The impact of cooling measures
PropNex’s Wong discusses the new projects have been launched since the new cooling measures came into effectin particular Blossoms in the Park, and The Continuum The 816-unit freehold condominium by Hoi Hup Realty as well as Sunway Property on Thiam Siew Avenue -and have been able to achieve solid sales of more than 200 units per. The Continuum was launched on May 6 recorded 206 (27%) units sold over the course of its opening weekend, with an average of $2,732 per square foot.

Additionally, Wong points out that despite the increase in the the additional buyer’s tax (ABSD) rate for foreign buyers up to 60%, Blossoms by the Park was able to acquire eight units by foreigners. The Continuum saw one. In all, foreign buyers represented 8% of all sales in April, which was the same as the month prior to.

But Wong believes that foreign demand for homes may slow over the next couple of months when foreign buyers evaluate the new rules. “It isn’t quite there and we’re not sure, but that the ABSD rate hike is likely to be affecting the demand for foreign investment,” she adds. This could cause a decline in foreign investors’ demand, especially in the CCR that tends to draw greater interest from foreign investors.

Contrarily, Huttons’ Lee believes that the interest of foreigners in the luxury housing market in Singapore is still strong. “Interest hasn’t slowed substantially following these cooling steps.

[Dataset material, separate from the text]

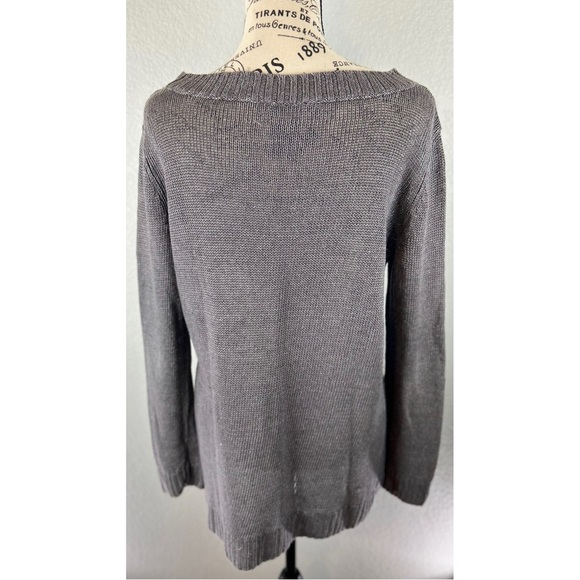Talbot Grey Linen Knit Boatneck Sweater, size Medium - Picture 7 of 8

Foreigners are still scheduling appointments to visit luxurious houses,” he says.

Eugene Lim, key executive officer and director of research and market information for ERA Realty Network, concurs and says that buyers remain attracted by Singapore’s stability in administration and robust currency. “For those with a good net worth that are wealthy, they might eventually take a look at the overall costs for property possession within Singapore (which is comprised of the property cost as well as buyer’s stamp duty and ABSD) instead of focus on the excessive ABSD price,” he opines.

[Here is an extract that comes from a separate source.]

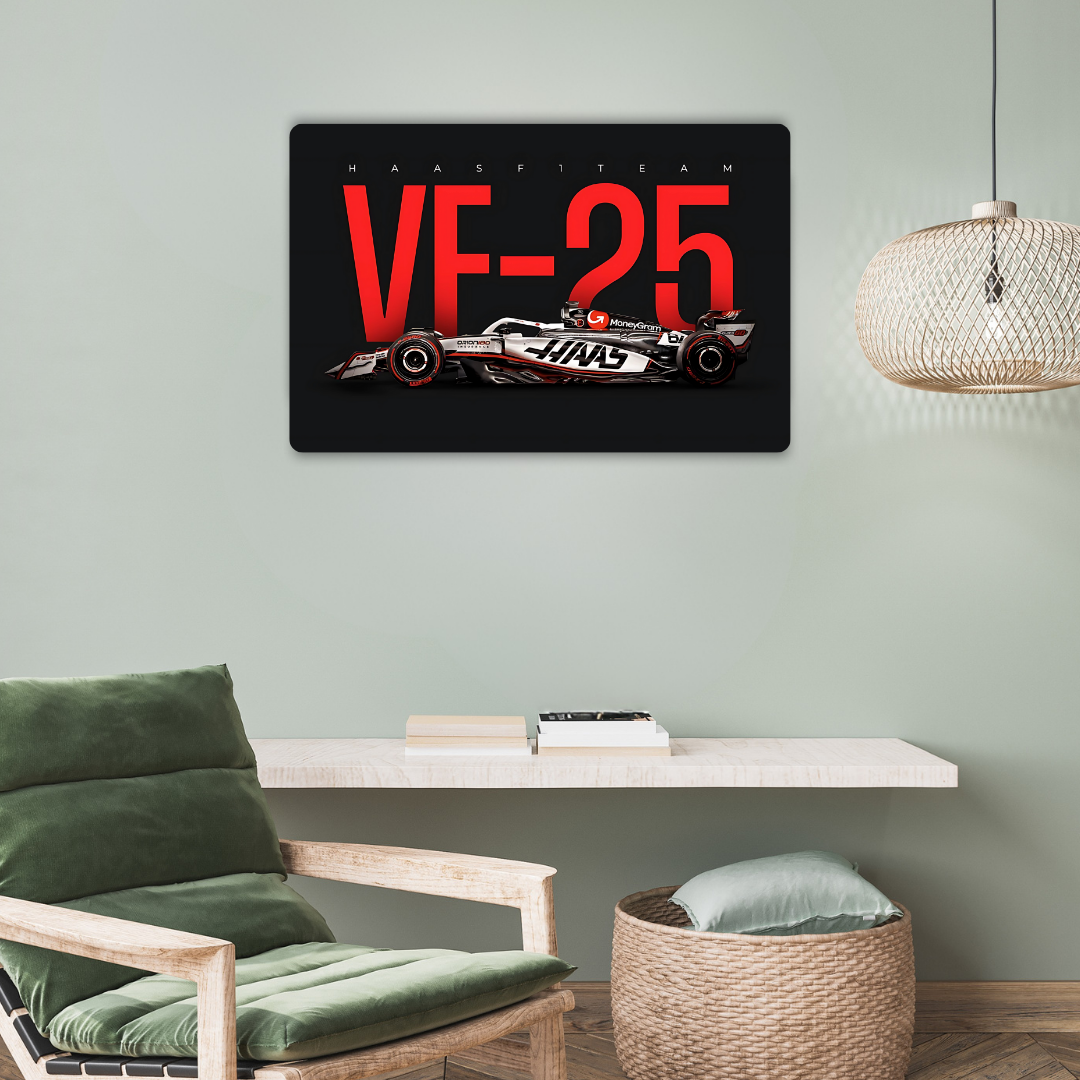 Haas VF-25 Metal Poster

In any event, new homes for sale in the upcoming month are likely to be dependent on the home buying market from Singaporeans as well as Singapore permanently resident. “New home sales in the month of May 2023 are expected to be quite robust due to the anticipated release of The Reserve Residences (the 732-unit condominium owned by Far East Organization and Sino Group located at Jalan Anak Bukit) attracted a great deal of interest,” predicts PropNex’s Wong.